Czarna, leśna straż.

Czarna, leśna straż to korzenie umarłych brzóz. Zastygłe w bezruchu upodobniają się do wiedźm, olbrzymów, czarowników, psów i dzikich zwierząt. Ich ciemne kontury wyraźnie odcinają się od bieli i światłości brzeziny. Myślę, że strzegą ciszy, tej samej, która dla zwierząt i pradawnych  łowców była istotną częścią ich samych, tak ważną i naturalną jak woda i powietrze.








 http://iwaszko.fotopozytywy.pl/index.php?album=7&sort=1




czwartek, 18 grudnia 2014

Pejzaż bezludny.

O fotografiach pejzażowych, na których nie widać postaci ludzkiej, mówi się: "tu nie ma człowieka".
Myślę, że to nieprawda.
Fotograf, zanim naciśnie spust migawki, zaczyna od człowieczego zatrzymania, zachwytu, zapatrzenia.
Widz oglądający tak powstałe obrazy to przecież też człowiek.
Pusta i rozległa przestrzeń, zarówno ta rzeczywista, jak i ta zamknięta w kadrze fotogramu, pozostawia miejsce na nostalgię, marzenia, refleksję, zaprasza do wędrówki wgłąb człowieczego jestestwa.
Wpatrując się w taki pejzaż wpatrujemy się w siebie samych.
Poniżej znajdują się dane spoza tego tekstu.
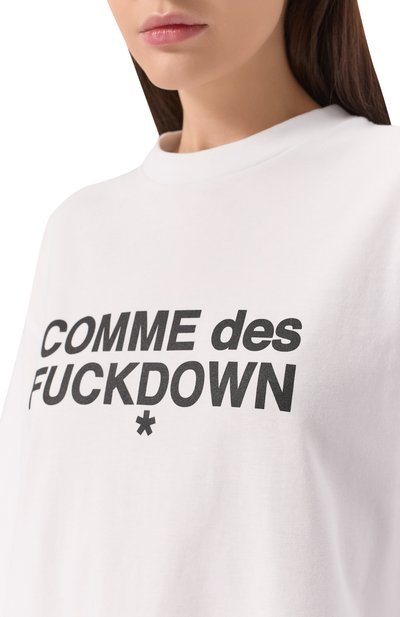 Хлопковое платье COMME DES FUCKDOWN, арт. CFABW01208, фото 5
To właśnie sprawia, że w pozornie bezludnym pejzażu człowiek jest obecny intensywnie i pięknie.



wtorek, 9 grudnia 2014

Szarość

 Nadbiebrzański pejzaż współtworzą mgły, zarówno te nadrzeczne, jak i  śródłączne, te jesienne i te zimowe. Wierzby, płoty są jakby zanurzone w tym zamgleniu. Barwy blekną, a kontrasty tracą wyrazistość. Drogi nikną tajemniczo w gęstych szarościach. Świat nie jest już oczywistością konkretu, granica jawy i snu zaciera się. Pejzaż przeistacza się w niemą, somnabuliczną wizję.

To tu kończą się słowa, a zaczyna nieme zapatrzenie w dal i zasłuchanie w ciszę. Taki pejzaż to misterium, można się w nim rozpłynąć, tak jak drzewa i ptaki. Można zawędrować w zagubione przestrzenie własnej duszy.





Link do mgieł w kolorze: http://iwaszko.fotopozytywy.pl/index.php?album=218&sort=1

czwartek, 4 grudnia 2014

Zimowe Kapice

Kalendarzowa zima jeszcze się nie rozpoczęła, ale do Kapic już zawitała . Jako pierwszy pojawił się mokrawy śnieg, po nim nadszedł mróz, a słońce przeważnie nie pokazywało się. Kiedy już wyszło z ukrycia, poświeciło, wyzłociło łąki i brzeziny. Następnego dnia, o poranku, wzeszło na krótko nad linię horyzontu, a potem niebo zaciągnęło się śniegowymi chmurami i znowu zrobiło się szaro.